• _DATASET RECORDS_:
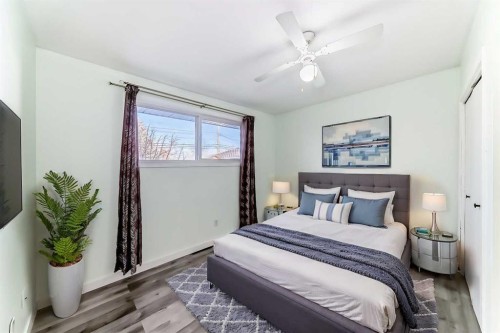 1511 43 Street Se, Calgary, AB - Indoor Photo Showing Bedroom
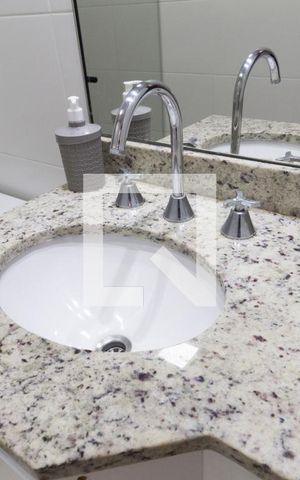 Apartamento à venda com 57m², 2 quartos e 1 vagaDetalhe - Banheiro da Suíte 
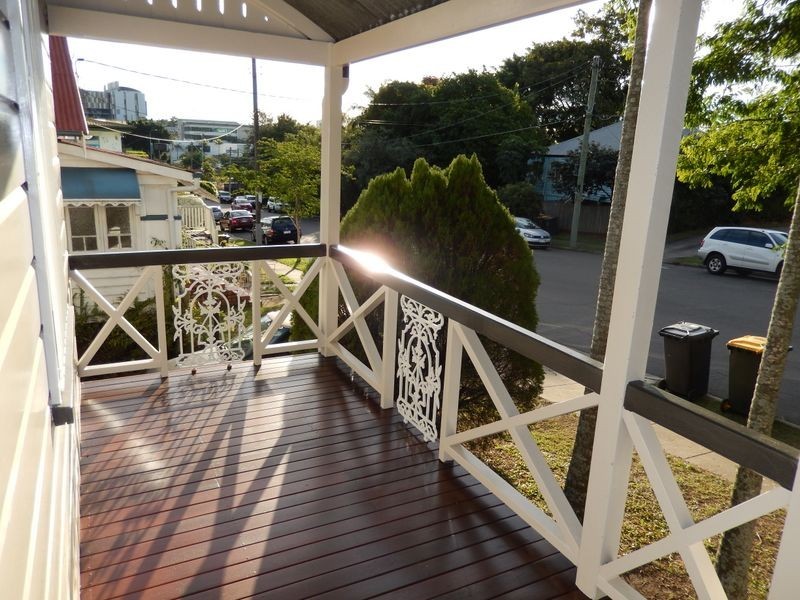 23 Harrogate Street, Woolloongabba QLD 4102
--
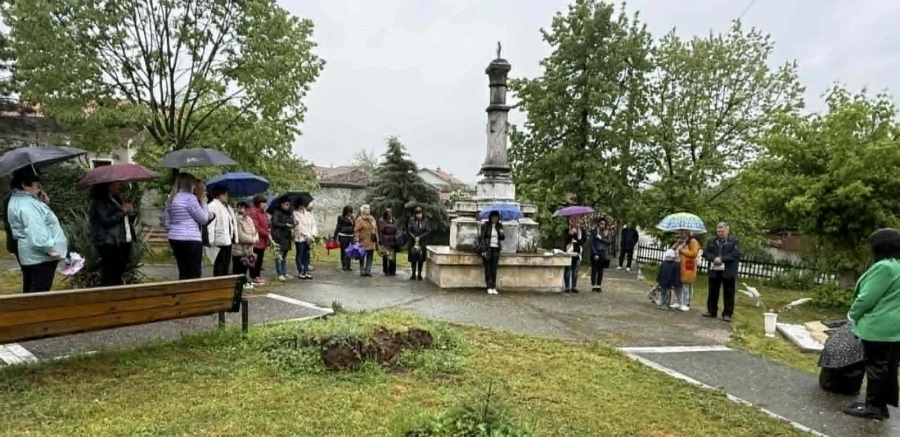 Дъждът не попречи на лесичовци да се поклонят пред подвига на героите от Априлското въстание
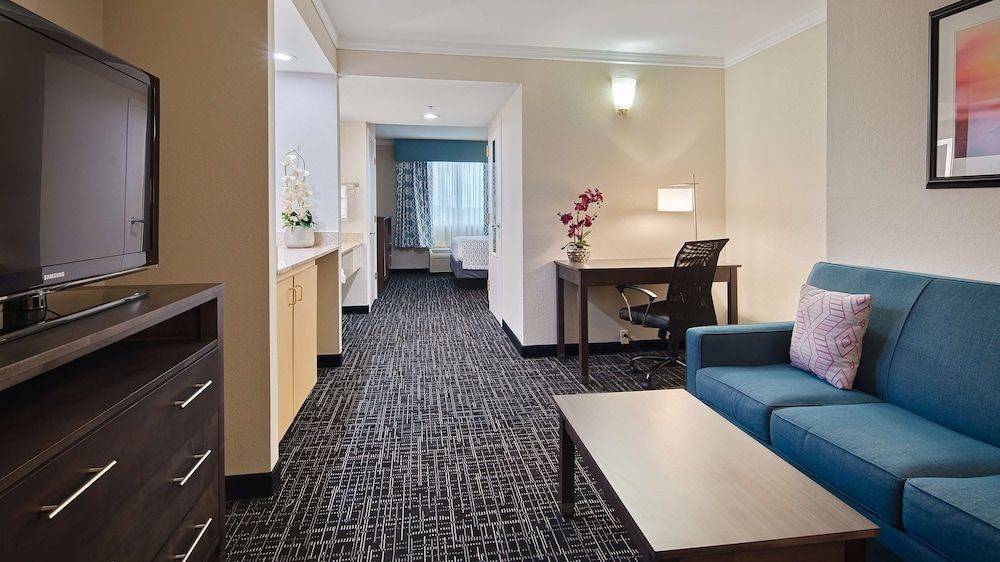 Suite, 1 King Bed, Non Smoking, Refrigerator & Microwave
--
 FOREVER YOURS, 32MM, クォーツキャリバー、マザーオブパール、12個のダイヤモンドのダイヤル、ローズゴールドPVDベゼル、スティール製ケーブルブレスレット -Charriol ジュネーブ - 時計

• _WORK ITEM_: Using the data above, give again exactly the lines starting at the one holding "Apartamento à venda" and ending at the one holding "23 Harrogate Street, Woolloongabba QLD 4102", inclusive, and nothing more. Omit the pictures.

• _SOLUTION TO THE PROBLEM_:
 Apartamento à venda com 57m², 2 quartos e 1 vagaDetalhe - Banheiro da Suíte 
 23 Harrogate Street, Woolloongabba QLD 4102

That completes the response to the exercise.